Exposition au risque IA

Avec un score CRISTAL-10 de 55 %, l’impact de l’intelligence artificielle sur ce métier est modéré. Les tâches répétitives de diagnostic (recherche de défauts par corrélation de données) sont de plus en plus assistées par des algorithmes de maintenance prédictive. Les outils d’IA générative aident à la rédaction de rapports ou à la consultation procédurale. En revanche, le travail physique sur le terrain (câblage, test sous tension, intervention en zone contrôlée) reste très difficilement automatisable. Les aspects réglementaires et la validation humaine des opérations sensibles protègent le métier d’une substitution rapide. L’électricienne nucléaire voit son outillage s’enrichir, sans disparaître.

Marché de l’emploi

Le secteur du nucléaire en France connaît une dynamique soutenue, portée par le programme de prolongation des réacteurs existants, le démantèlement des installations les plus anciennes (Fessenheim, Superphénix) et l’engagement dans les nouvelles constructions (EPR2). Les employeurs se répartissent entre l’exploitant historique EDF, ses filiales (Framatome, CEA) et un tissu dense de sous-traitants (Boccard, Endel, SPIE, Velan). Les tensions de recrutement sont fortes, en particulier pour les profils expérimentés. Les conditions de travail incluent des horaires en 2x8 ou 3x8 lors des arrêts de tranche, une astreinte possible, et une mobilité géographique fréquente entre les sites (Gravelines, Paluel, Chinon, Cruas, etc.). L’APEC signale une hausse des offres pour les techniciens nucléaires, avec des délais de recrutement longs du fait des enquêtes administratives et médicales.
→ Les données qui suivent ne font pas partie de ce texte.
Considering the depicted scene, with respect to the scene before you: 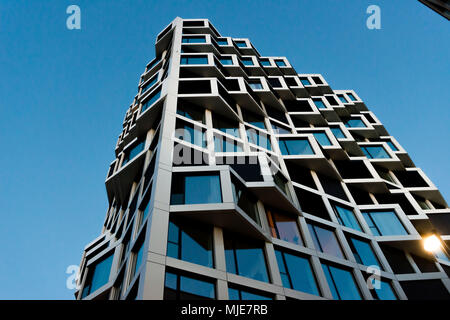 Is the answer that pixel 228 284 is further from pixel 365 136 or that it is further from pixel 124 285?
pixel 365 136

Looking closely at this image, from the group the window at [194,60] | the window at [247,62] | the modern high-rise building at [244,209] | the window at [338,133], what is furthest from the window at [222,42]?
the window at [338,133]

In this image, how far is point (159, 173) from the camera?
50.6 feet

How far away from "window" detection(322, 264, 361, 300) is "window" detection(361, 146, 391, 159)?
21.1 meters

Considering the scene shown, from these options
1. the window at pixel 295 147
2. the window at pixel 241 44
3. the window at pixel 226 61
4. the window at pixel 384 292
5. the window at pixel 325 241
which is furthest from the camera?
the window at pixel 241 44

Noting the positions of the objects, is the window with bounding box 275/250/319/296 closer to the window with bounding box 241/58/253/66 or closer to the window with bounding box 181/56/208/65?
the window with bounding box 181/56/208/65

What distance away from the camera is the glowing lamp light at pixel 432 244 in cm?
2377

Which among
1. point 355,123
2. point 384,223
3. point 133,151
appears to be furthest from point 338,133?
point 133,151

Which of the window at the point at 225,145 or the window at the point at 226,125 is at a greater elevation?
the window at the point at 226,125

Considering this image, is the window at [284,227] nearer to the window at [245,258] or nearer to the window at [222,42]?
the window at [245,258]

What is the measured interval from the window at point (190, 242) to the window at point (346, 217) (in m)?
11.5

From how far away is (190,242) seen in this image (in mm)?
13680

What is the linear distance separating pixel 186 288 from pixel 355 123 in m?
35.6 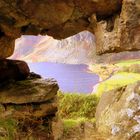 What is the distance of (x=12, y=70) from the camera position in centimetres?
1204

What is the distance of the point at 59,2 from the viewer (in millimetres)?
8359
Certifications et labels reconnus

  • Habilitation électrique (B2LV, B2V, B2T) : obligatoire, délivrée par l’employeur après formation théorique et pratique, renouvelable tous les 1 à 3 ans
  • Qualiopi : certification qualité des organismes de formation continue, nécessaire pour financer la reconversion avec le CPF
  • ISO 9001 (qualité) et ISO 14001 (environnement) : souvent exigées par les donneurs d’ordre chez les sous-traitants
  • Certification SST (Sauveteur Secouriste du Travail) : conseillée pour intervenir en zone isolée
  • Label "Compétences nucléaires" délivré par l’INSTN pour les formations reconnues par la filière

Évolution de carrière

À 3 ans : l’électricienne nucléaire junior maîtrise son périmètre sur un site donné. Elle peut évoluer vers cheffe d’équipe électrique sur un chantier d’arrêt de tranche, avec une première responsabilité d’encadrement opérationnel.
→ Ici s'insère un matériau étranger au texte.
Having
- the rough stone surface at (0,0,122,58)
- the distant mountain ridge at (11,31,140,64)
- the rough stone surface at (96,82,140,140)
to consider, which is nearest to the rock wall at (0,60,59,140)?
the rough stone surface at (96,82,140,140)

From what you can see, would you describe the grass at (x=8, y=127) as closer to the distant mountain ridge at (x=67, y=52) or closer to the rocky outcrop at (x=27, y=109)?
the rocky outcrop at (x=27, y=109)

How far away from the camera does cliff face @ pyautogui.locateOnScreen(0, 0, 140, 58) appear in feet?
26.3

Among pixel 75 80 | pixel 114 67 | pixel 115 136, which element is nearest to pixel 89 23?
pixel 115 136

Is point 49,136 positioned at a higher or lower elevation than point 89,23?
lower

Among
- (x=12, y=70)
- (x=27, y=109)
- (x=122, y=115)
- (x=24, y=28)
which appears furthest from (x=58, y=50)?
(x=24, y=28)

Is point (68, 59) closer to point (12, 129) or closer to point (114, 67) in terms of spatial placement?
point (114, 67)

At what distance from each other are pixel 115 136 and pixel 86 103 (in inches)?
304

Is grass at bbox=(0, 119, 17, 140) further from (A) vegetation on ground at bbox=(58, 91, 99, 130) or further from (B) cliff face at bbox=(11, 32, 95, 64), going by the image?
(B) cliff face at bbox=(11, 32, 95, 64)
À 5 ans : elle accède à un poste de technicienne supérieure ou de chargée d’affaires pour un sous-traitant, coordonnant les interventions de plusieurs compagnons. Possibilité de se spécialiser en contrôle-commande ou en essais.
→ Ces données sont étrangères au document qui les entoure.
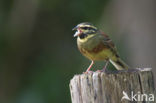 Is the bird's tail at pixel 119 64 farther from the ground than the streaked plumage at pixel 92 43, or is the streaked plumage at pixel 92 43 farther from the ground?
the streaked plumage at pixel 92 43

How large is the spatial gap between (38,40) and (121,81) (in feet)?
26.8

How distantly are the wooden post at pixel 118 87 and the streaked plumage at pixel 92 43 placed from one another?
4.56ft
À 10 ans : évolution vers la maîtrise (chef de service électricité sur un site, expert technique en sûreté) ou vers la gestion de projet nucléaire (conducteur de travaux, responsable planning). Quelques passerelles vers l’ingénierie via une VAE ou une formation interne EDF.

Perspectives du métier

Le renouvellement des compétences constitue un enjeu critique, avec une part importante des effectifs nucléaires partant à la retraite et créant un appel d’air pour les jeunes diplômées et les reconversions. Le programme EPR2 prévoit la construction de plusieurs nouveaux réacteurs, générant un pic d’activité pour les électriciennes de chantier, tandis que le démantèlement devient aussi un segment porteur. La digitalisation des procédures via jumeaux numériques et réalité augmentée transforme les méthodes de travail, sans supprimer le besoin de présence humaine sur le terrain. La filière nucléaire reste l’une des rares en France à offrir une visibilité d’emploi à long terme, portée par une volonté publique de souveraineté énergétique.